First baseman Josh Naylor generated the most buzz when he was selected at No. 12 overall by the Marlins to become the highest Canadian position player drafted. The depth goes well beyond that one pick, though, and shows just how strong baseball has become across the country.
"I think the game at the elite level in high school is probably stronger than it has ever been," said Greg Hamilton, who is the head coach and director of Canada's national teams. "There are more opportunities for kids, there's more coaching, there are more former pros who are back involved in the system.
"I think Canadians are no longer just Canadians. The comparables are there. If you're the top high school talent in Canada, you have the opportunity to be compared directly to the top talent available for the Draft."
One way Baseball Canada has accomplished that goal is by expanding the use of its Junior National team program. The junior team travels all over the world, with games in extended spring camps against Major League organizations, the Dominican Summer League and the instructional league in fall.

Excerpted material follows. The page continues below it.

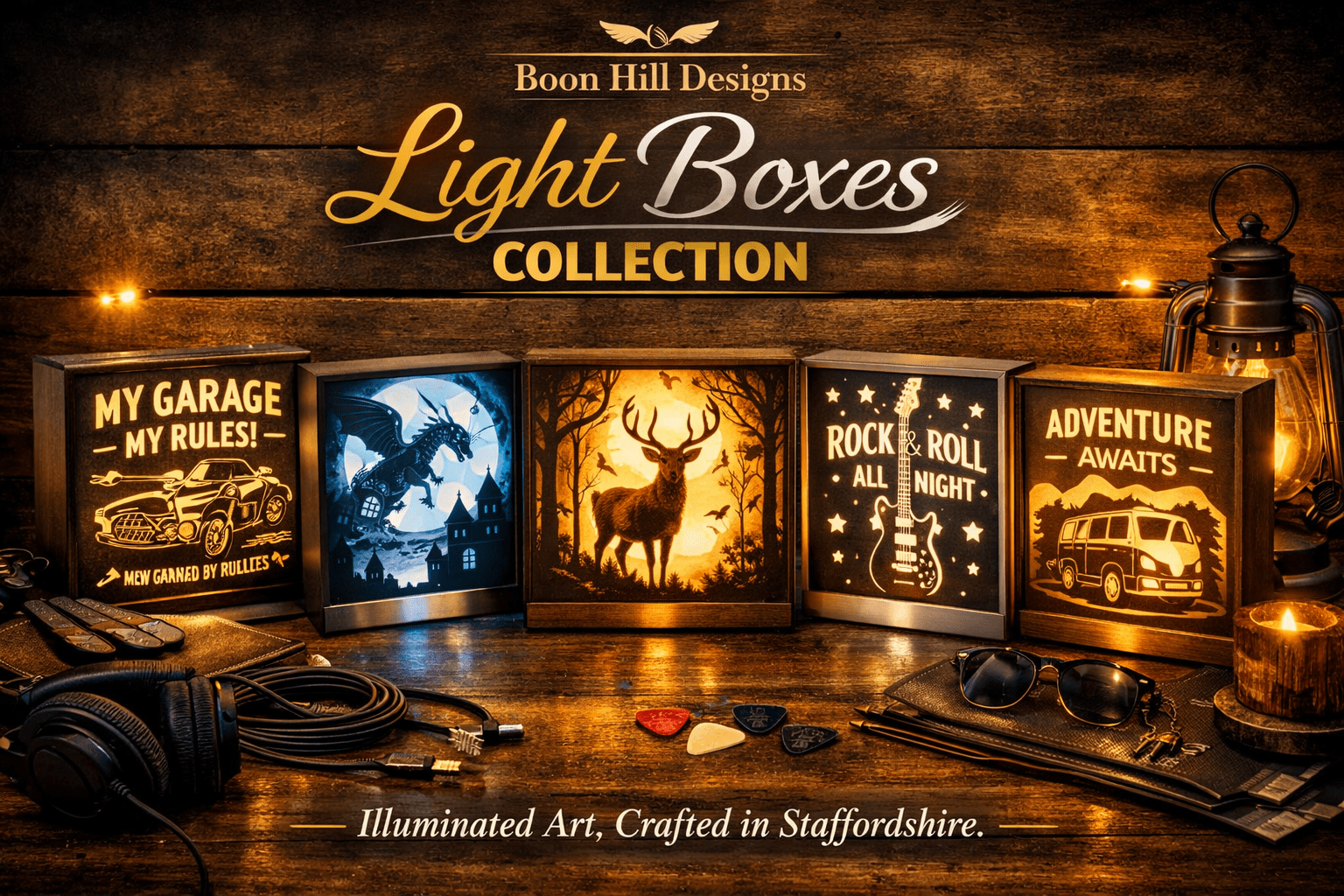 Light Box Collection featuring music and vehicle motifs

Hamilton estimated that Naylor played in 120 games against top competition during his time with the program. In the past, it was possible that some Canadian ballplayers would slip through the cracks, but when the best talent all comes together on one team, it ensures they all get exposure to big league scouts.
Spiwak, who was taken by Toronto in the 10th round, is one of those players. The 20-year-old represented Canada in two IBAF Under-19 World Cup events, which included winning a silver medal in 2012. Spiwak is coming off a year in which he hit .387 with eight home runs and 54 RBIs while appearing at first base and catcher for Odessa College.
"I think it's critically important in Canada, because of the restrictions you face weather-wise, competition-wise for your best high school kids," Hamilton said. "You're trying to convince those kids to play baseball and give them an avenue that stacks up against all the other sports at the highest level.
"They learn and get comfortable with the speed of the game, and they have a reference point for the decisions that they face when they're drafted and have those opportunities vs. a college scholarship. They have a reference point about what they're going to face when they get into professional baseball."
The feel-good story from Wednesday afternoon came when the Blue Jays selected Romanin, whose father Mal is the manager of baseball information in Toronto's communications department. Mattingly Romanin is a senior at Chicago State University and is coming off a strong year in which he hit .318 with 20 extra-base hits and 39 RBIs in 54 games.
The Burlington, Ontario, native was named team MVP as a senior at Notre Dame Catholic, and as a junior, he became a District 10 All-Star after helping his team advance to the regional championship. Mattingly also had a career .306/.407/.498 slash line over four seasons with Chicago State.